Sino-American Convergence in Economic Statecraft
Some sanctions-related episodes that occurred at the height of the pandemic, as well as their denouements, exemplify ongoing trends. In February 2020, the UN World Food Programme (WFP) released a report estimating that one in three Venezuelans was food insecure, and a quarter severely so. That October, the NGO Cáritas Venezuela indicated that the number of children under five years old experiencing malnutrition had increased 73%. In the meantime, the global pandemic had hit a society whose economy, institutions, and bodies were made far more vulnerable by the effects of five years of escalating sanctions, which affected prices and availability of food, medicine, and shelter.
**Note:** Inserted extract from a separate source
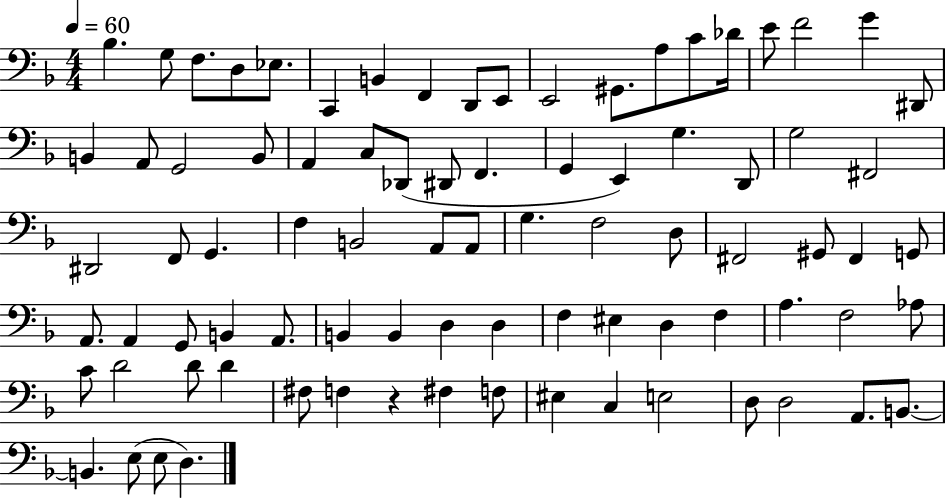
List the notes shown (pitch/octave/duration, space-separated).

Bb3/q. G3/e F3/e. D3/e Eb3/e. C2/q B2/q F2/q D2/e E2/e E2/h G#2/e. A3/e C4/e Db4/s E4/e F4/h G4/q D#2/e B2/q A2/e G2/h B2/e A2/q C3/e Db2/e D#2/e F2/q. G2/q E2/q G3/q. D2/e G3/h F#2/h D#2/h F2/e G2/q. F3/q B2/h A2/e A2/e G3/q. F3/h D3/e F#2/h G#2/e F#2/q G2/e A2/e. A2/q G2/e B2/q A2/e. B2/q B2/q D3/q D3/q F3/q EIS3/q D3/q F3/q A3/q. F3/h Ab3/e C4/e D4/h D4/e D4/q F#3/e F3/q R/q F#3/q F3/e EIS3/q C3/q E3/h D3/e D3/h A2/e. B2/e. B2/q. E3/e E3/e D3/q.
Meanwhile, despite Venezuela’s referral of the issue to the International Criminal Court, accountability for the humanitarian impacts of sanctions remains deeply unlikely there or elsewhere. While that complaint has languished without any progress (unlike ICC investigations against its own officials for alleged crimes against humanity, including arbitrary detention), the Maduro government has decided to decisively embrace financial relations with Beijing, including via the adoption of RMB-denominated commerce. In doing so, Maduro joins Brazil, Argentina, Iraq, Iran, Russia, Egypt, and various others in steps towards the “yuanization” of global trade flows.
For its part, Beijing has been glad to use dissent from the increasingly weaponized US dollar system to advance its de-dollarization aims. This remains a very long-term agenda: as of mid-2023, the yuan accounted for merely 2.5% of global cross-border payments as compared with 42.6% for the dollar. It is reassuringly unlikely that yuan power could achieve a similar destructive potency to dollar power anytime soon, especially to the extent that the project is pursued by multilateral means such as a BRICS basket currency. Instead, broad swatches of the Global South may simply be better insulated from the harshest forms of dollar power.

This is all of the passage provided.